The secret to waiting tables is that you have to be just present enough to accomplish whatever you’re doing at the moment (like taking an order), while simultaneously mentally prepping for the next one or two or three things you have to do (like dropping the check off at table 51, restocking the ketchup, and grabbing that extra sour cream for table 52).

If you get into the weeds (this is restaurant parlance for having more to do than you can handle at one time), it’s easiest to get yourself out by asking for help. But it is frequently possible, in my experience, to get out without help. You just have to speed everything up, and not drop anything, and all the cards have to fall just right (i.e., if the lady at 53 wants her burger recooked, you’re screwed).

The hardest thing about applying these principles to freelance writing isn’t that you don’t have a bunch of coworkers around to help. It’s that you have way more distractions than you would while waiting tables. When you’re waiting table, there are no internet or cats who want to be played with or clients who need some tweaks made to a job you turned in two months ago. (You also don’t have to take breaks to exercise, if you work at a busy enough place.) It is much easier to remain focused when you’re waiting tables, and when your shift ends, you don’t have any more work to worry about till next time.

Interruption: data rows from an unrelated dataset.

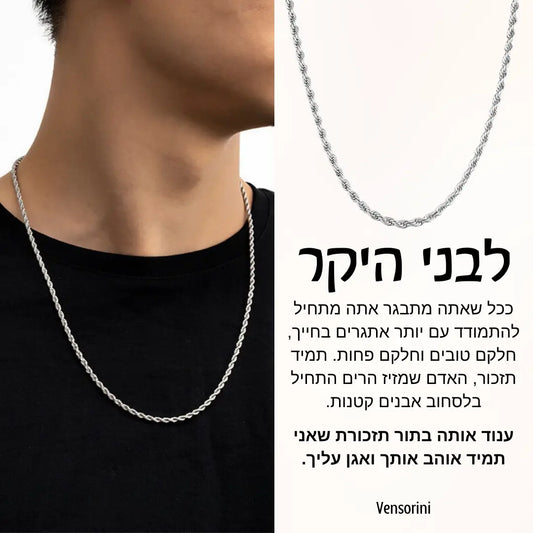 שרשרת חבלים לבן מבית ונסוריני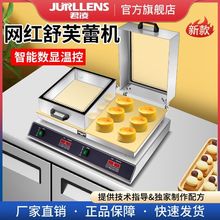 君凌舒芙蕾机网红电扒炉纯铜商用摆摊铜锣烧松饼机自动控温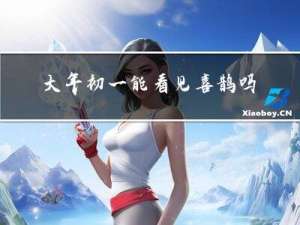 大年初一能看见喜鹊吗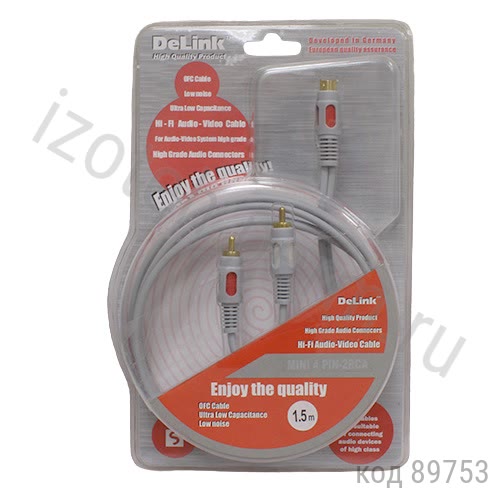  "DeLink" SVHS - 2 RCA, "Crey", , 1.5  (M2R015P) 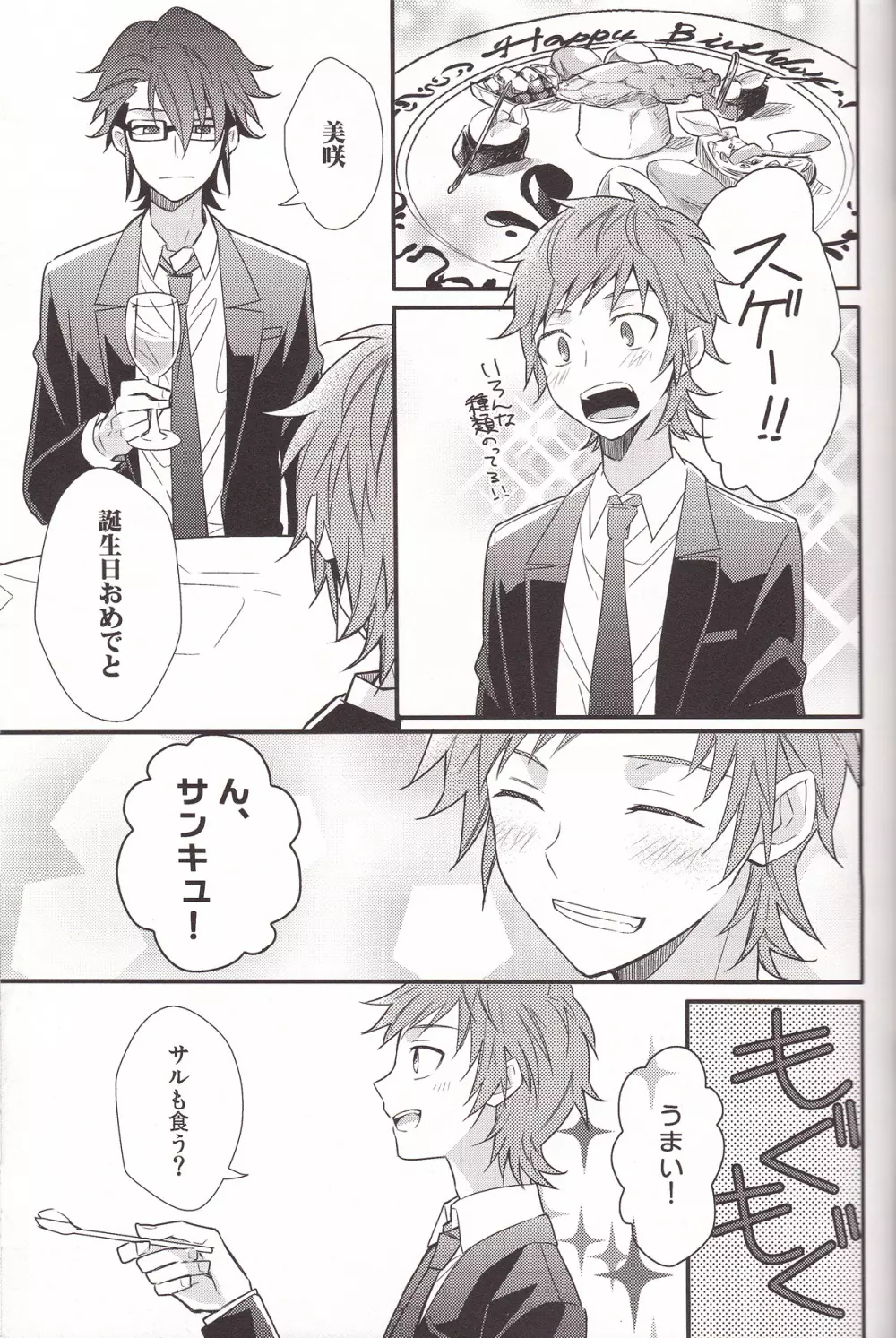 YATAMISA ON THE SHORTCAKE - page21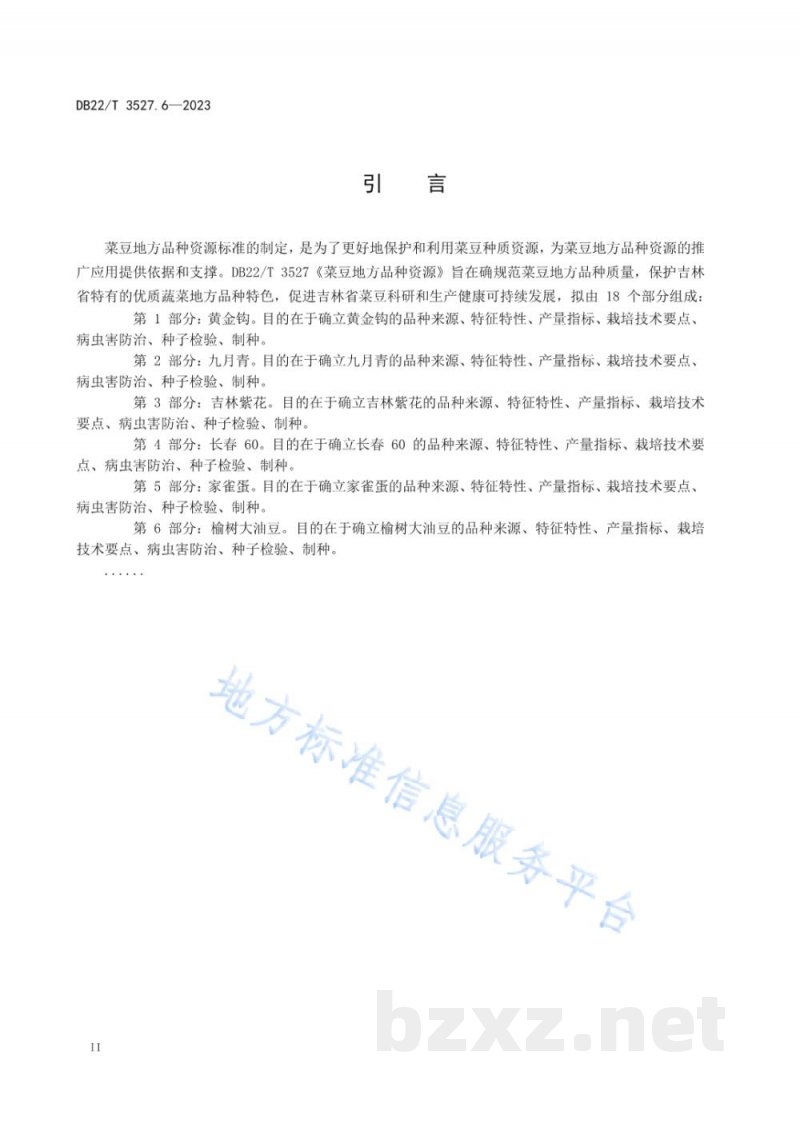 DB22/T 3527.6-2023菜豆地方品种资源 第6部分:榆树大油豆 DB22/T 3527.6-2023菜豆地方品种资源 第6部分:榆树大油豆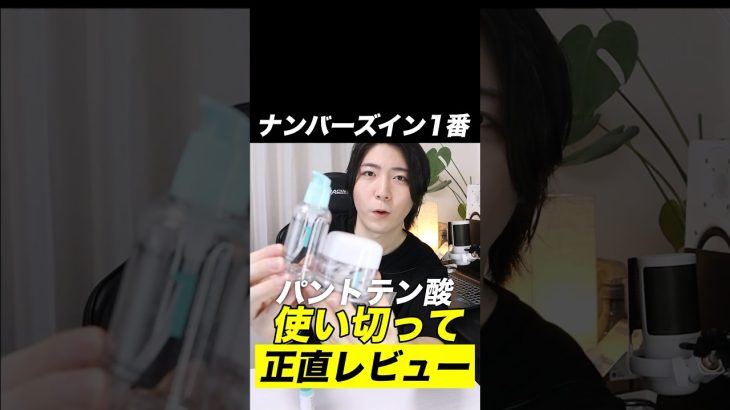 ナンバーズイン1番パントテン酸ラインを使い切ってみたのでレビュー！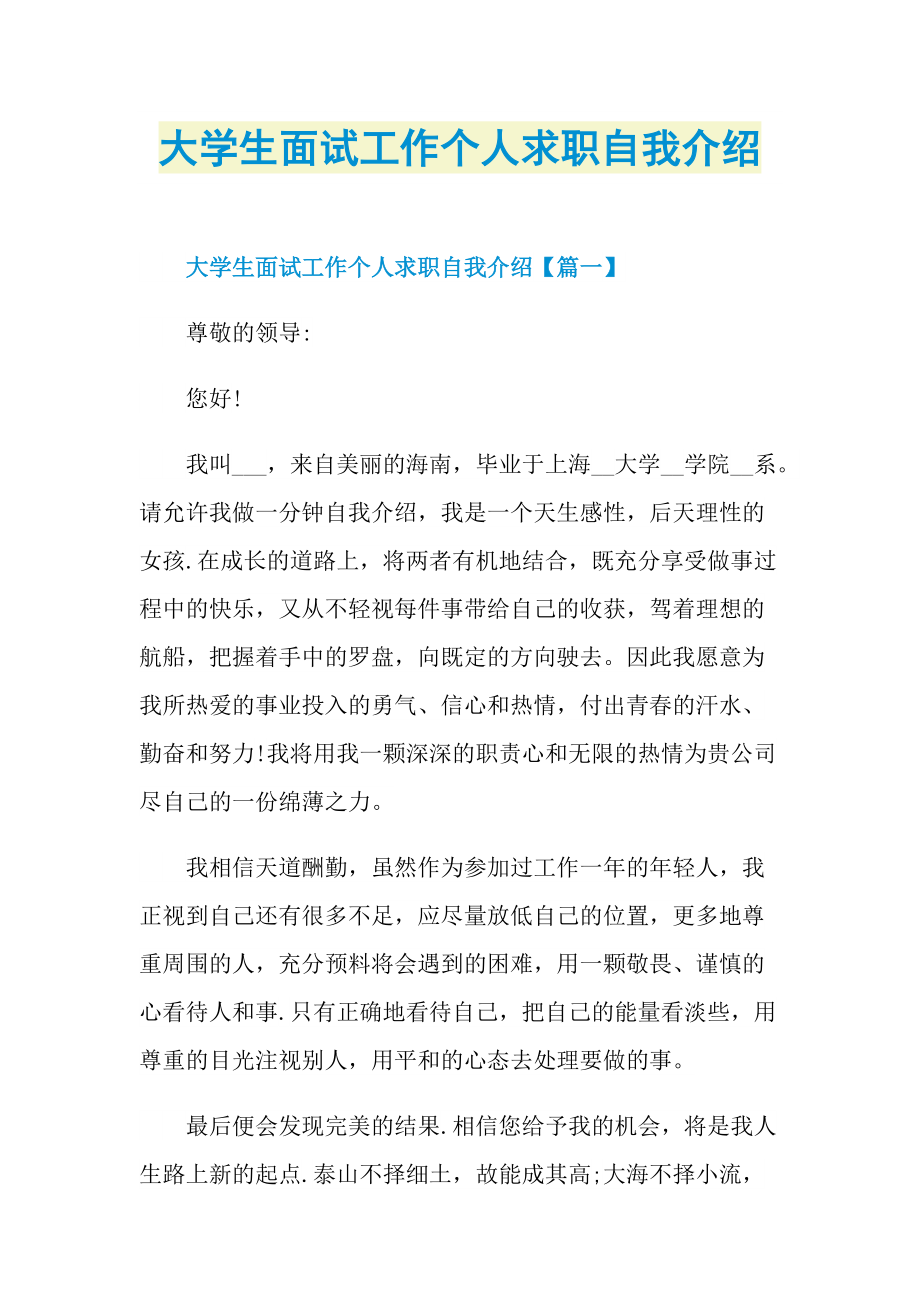 大学生面试工作个人求职自我介绍.doc_第1页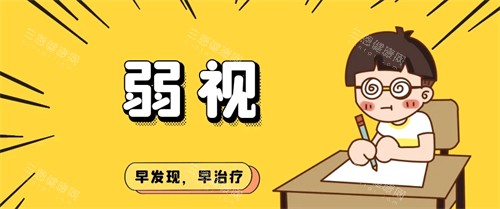 弱视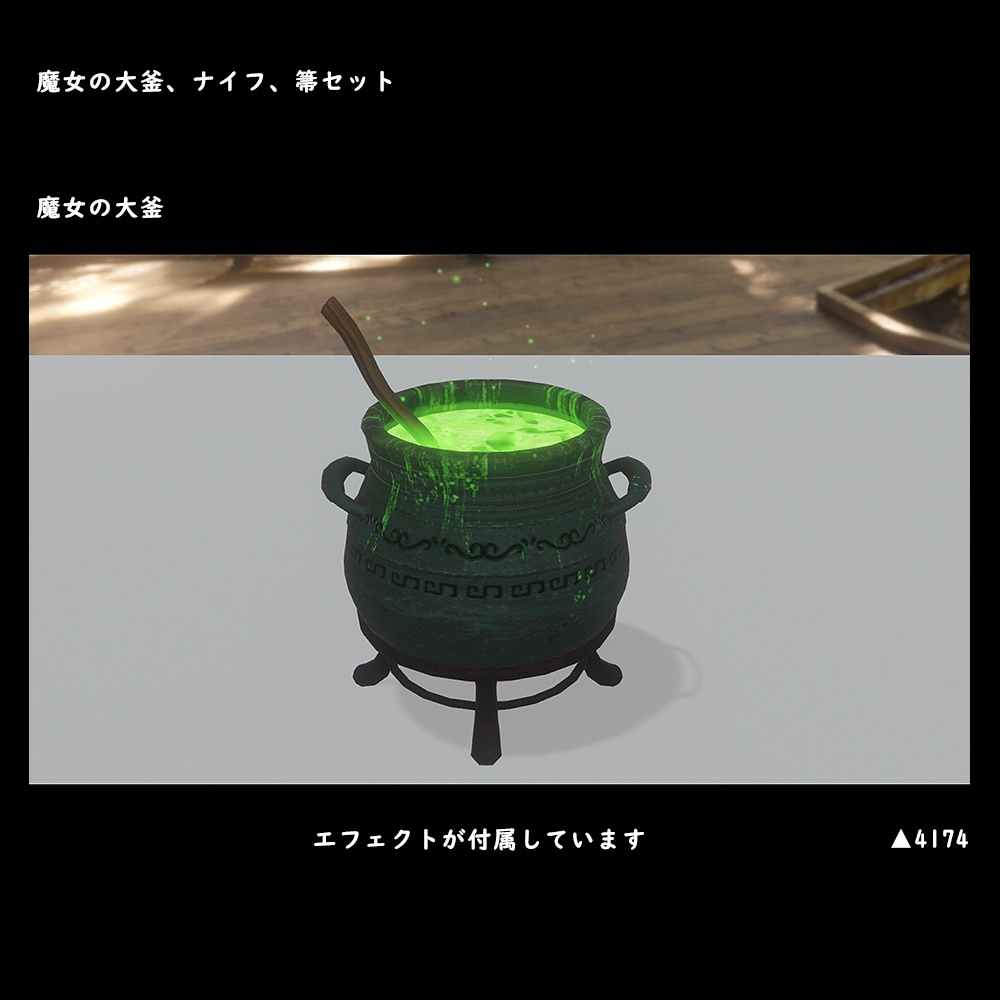 魔女のアイテム3点セット【BuiltIn】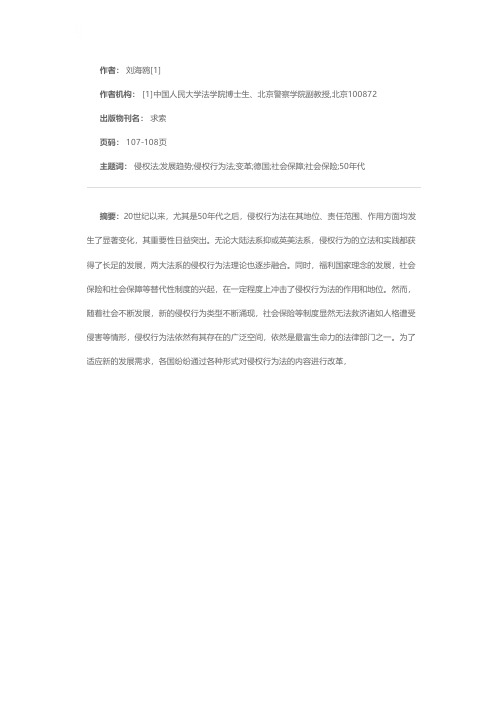 当代侵权法发展趋势——以德国侵权法的变革为视角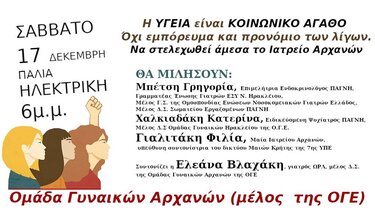 Εκδήλωση για την υγεία από την Ομάδα Γυναικών Αρχανών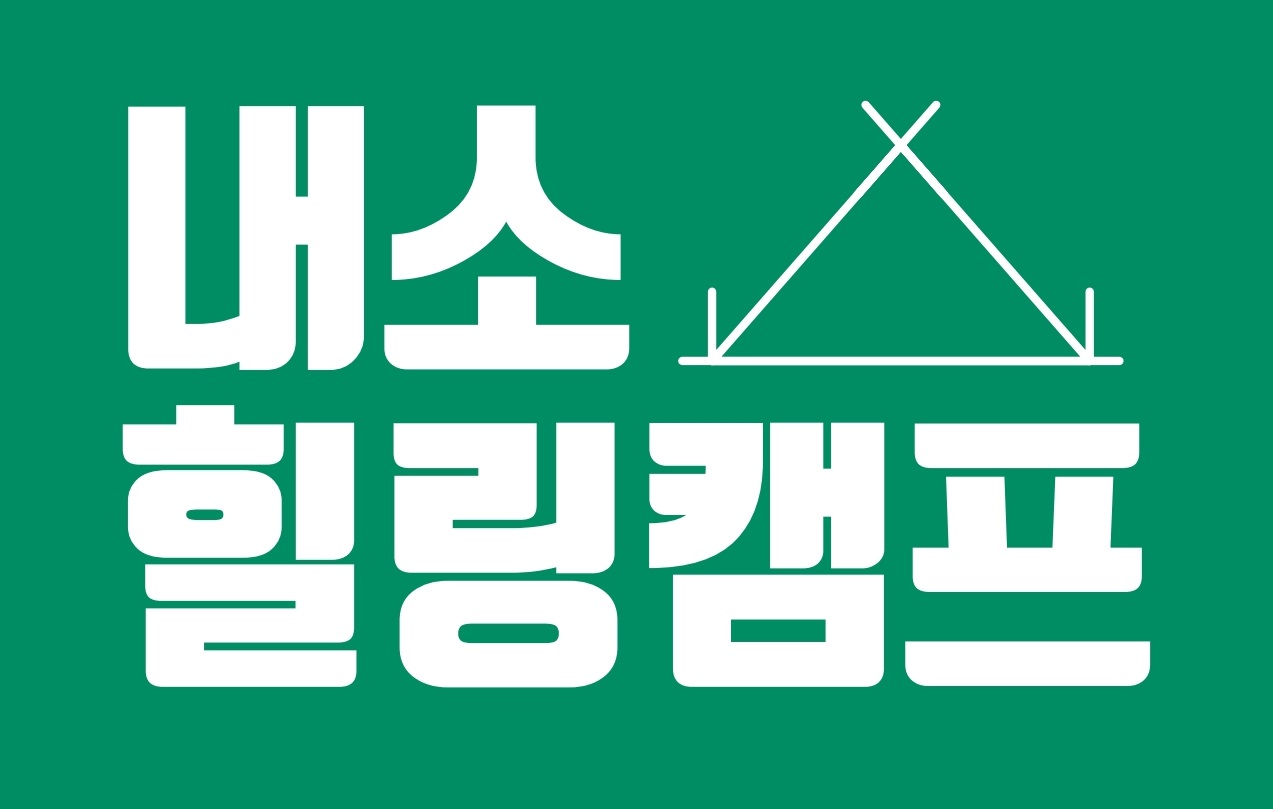 내소힐링캠프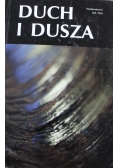 Duch i Dusza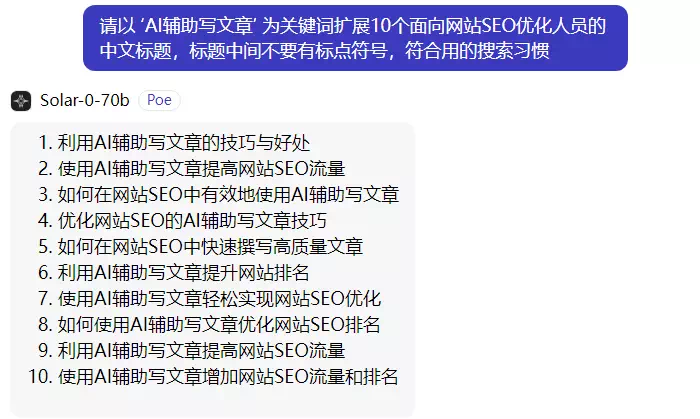 使用AI工具生成相关文章标题 使用AI工具生成相关文章标题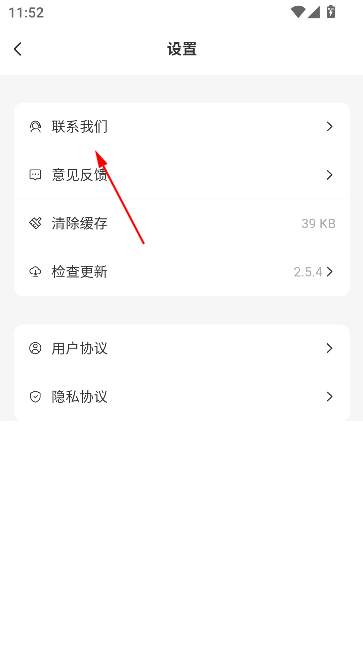 禁止蕉绿社区最新版 禁止蕉绿社区最新版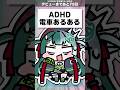 【替え歌】電車でやらかすADHDあるある #替え歌 #あるある #爆裂愛してる #vtuber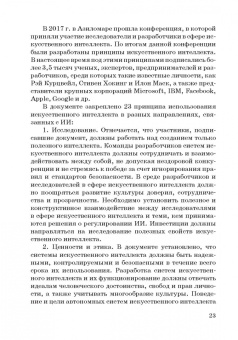 Ручкина, Попова, Демченко: Теория правовового регулирования искусственного интеллекта, роботов и объектов робототехники в РФ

Basically, the same fundamental techniques apply, but the difference in environment has a huge impact on how the same brain pursues tasks, and the timing of everything is way different. It’s a much more complicated dance. And a more frustrating one, sometimes, but overall more interesting, and I suppose that is the direction life is generally supposed to move in. Maybe more not-so-deep thoughts along these lines later, when I’m out of the weeds.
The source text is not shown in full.